I handed my visitor a cold bottle of milk and she placed both hands around it, in that grateful and covetous way people sometimes have when given warm tea. She was not going home. She had the requested item, but she was still there, still talking. I sat down opposite her at the small Formica table that is one of the many relics from my parents’ marriage. I do not drink tea or coffee; Dolly had made those things for herself since she was very young. Vita would have to wait until she got back to her own house if that was what she wanted. She was wearing an Alice band and a pair of blue-striped pyjamas that had the navy initials ‘RJB’ monogrammed neatly over one breast. The fabric was of the thin summer sort that makes little effort to conceal what it apparently covers. I could see her chest rising and falling through the light fabric as she spoke, could see her small breasts shift, unfettered and soft.

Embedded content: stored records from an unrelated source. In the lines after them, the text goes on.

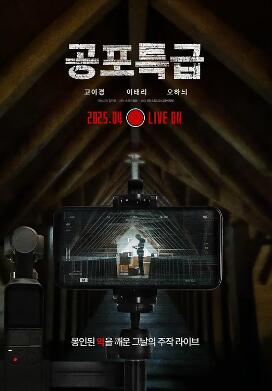 电影：恐怖特快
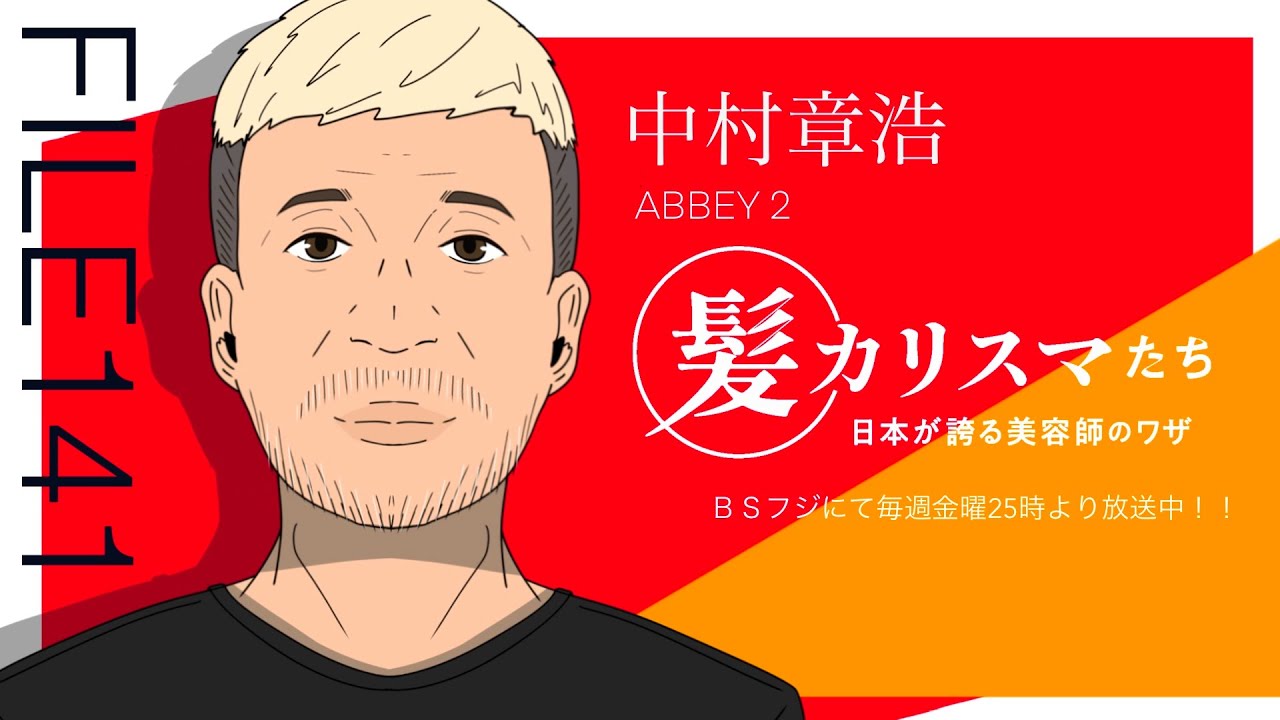 KAMI CHARISMA file141 / ABBEY2 中村 章浩 - YouTube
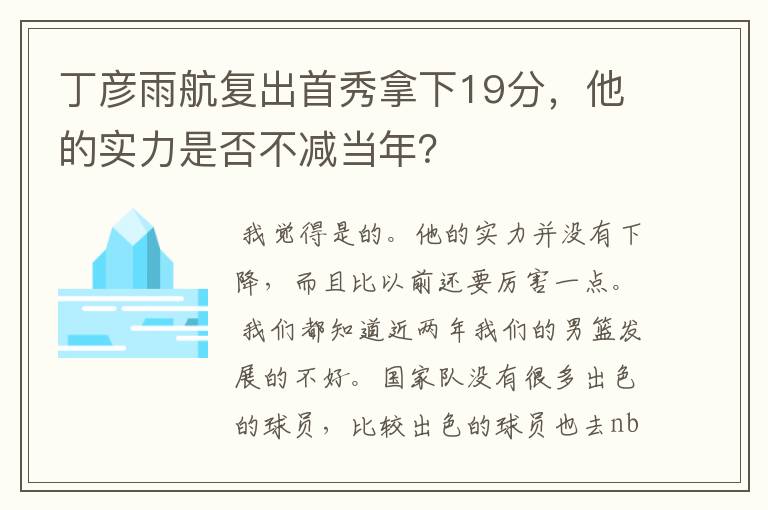 丁彦雨航复出首秀拿下19分,他的实力是否不减当年?
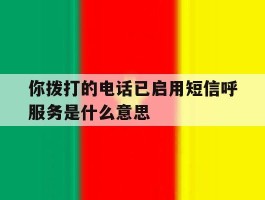 关于你拨打的电话已启用短信呼服务是什么意思的信息
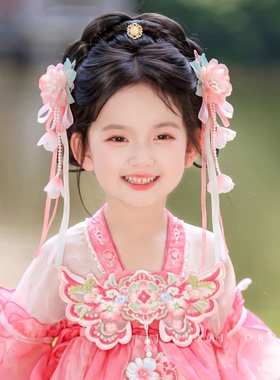 儿童汉服发夹超仙古风飘带流苏
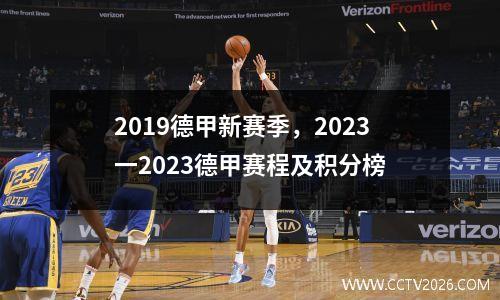 2019德甲新赛季，2023一2023德甲赛程及积分榜
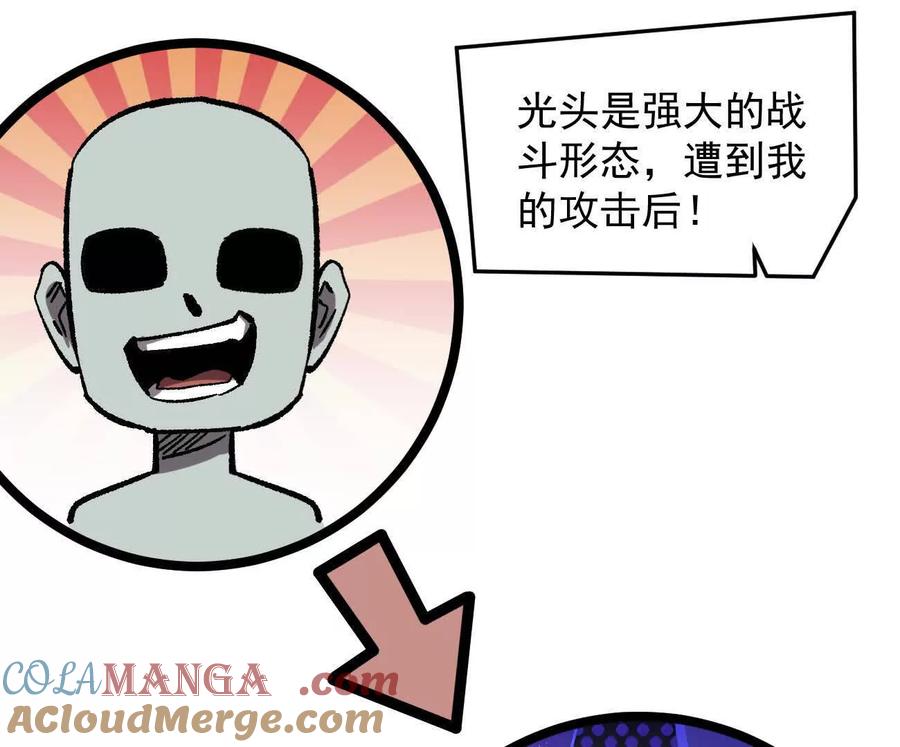 江思先生 163话 高ping战神 第141页
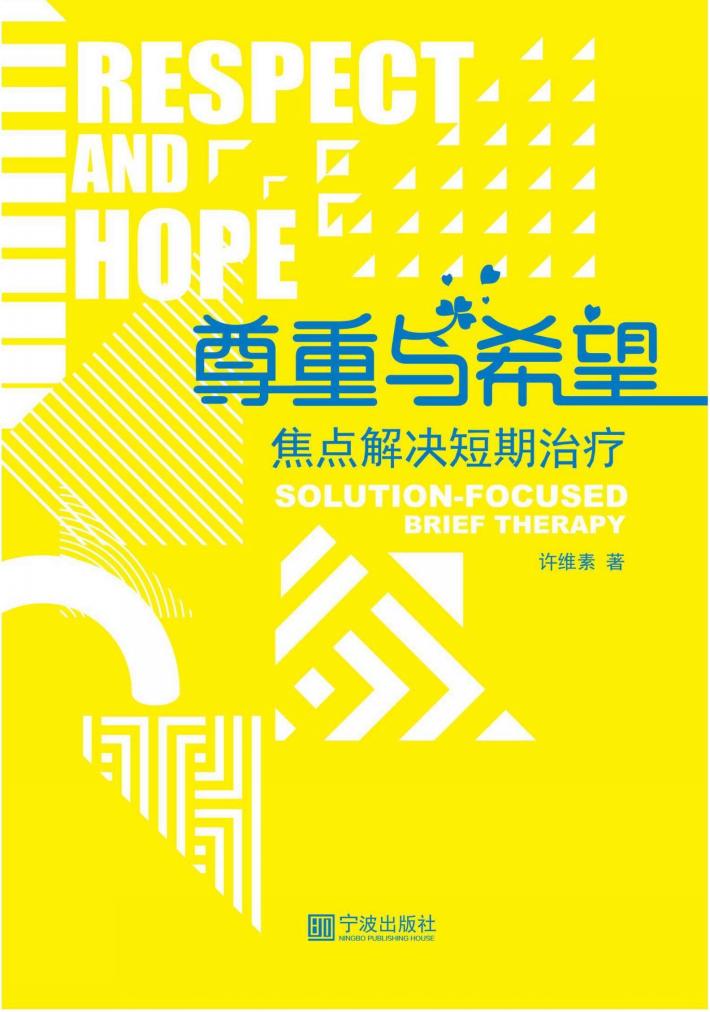 尊重与希望  焦点解决短期治疗 封面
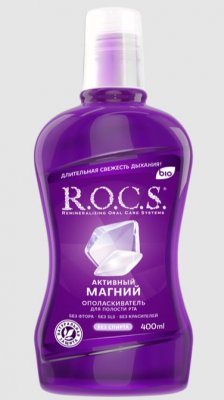 Купить рокс (r.o.c.s) ополаскиватель активный магний, 400мл в Богородске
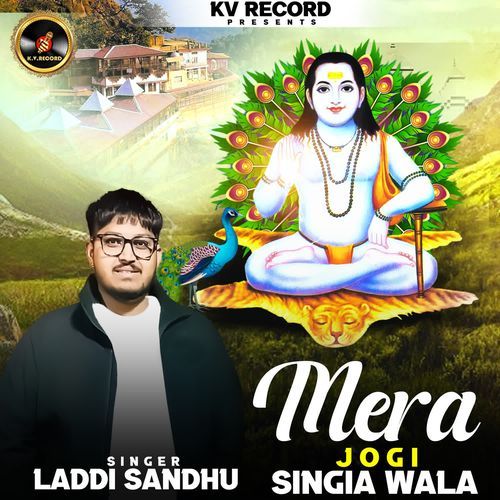 Mera Jogi Singia Wala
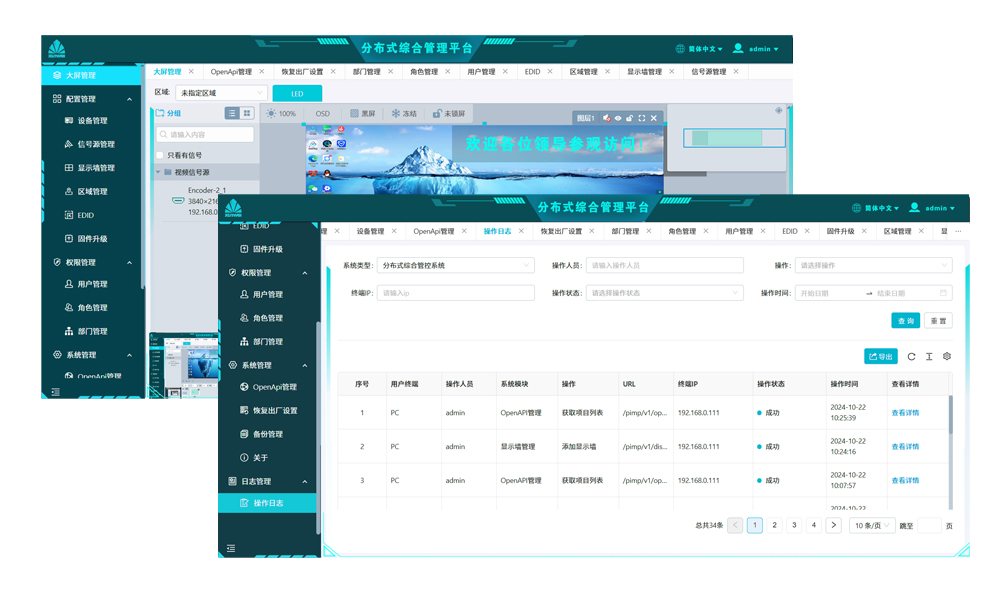 B/S架构可视化控制软件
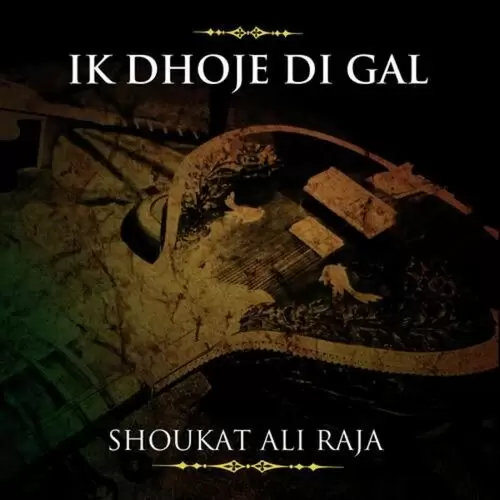 Bas Dilan Hun Pyar Karen Na Shoukat Ali Raja Mp3 Download Song - Mr-Punjab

I had never had a visitor in nightwear before, and was unsure whether her outfit would be on Edith’s list of Things That Must Not Be Mentioned, so I carefully did not. But when Vita casually compared her own dishevelled appearance to my plain and practical work uniform, it was me who blushed, as though my carefully observed omission was something more like a lie or a secret I was keeping. Vita had a scar that covered most of her hand, a silvery-pink covering like fish scales, which caught the light as her fingers moved across the bottle.
I remembered, as I often do, the fish that used to cover this kitchen when my parents were alive. The fish that were laid across every counter, opened up like trusting patients. During the tourist season, my father had taken holidaymakers out on his boat early each morning, and he brought the catches back to my mother to be prepared for the wives or landladies of these men to cook. Ma liked to watch for my father’s boat from her bedroom window, an early return reassuring her that the tourists were already satisfied.
Our little house had smelled permanently of the lake and the shining fish that shivered in my parents’ hands each day. Ma, self-taught, filleted and skinned as expertly as the local women knitted and sewed; her fingers came to know knives as theirs knew needles. Bones as delicate and white as baby teeth regularly littered our kitchen, as though it were the scene of a recent tragedy.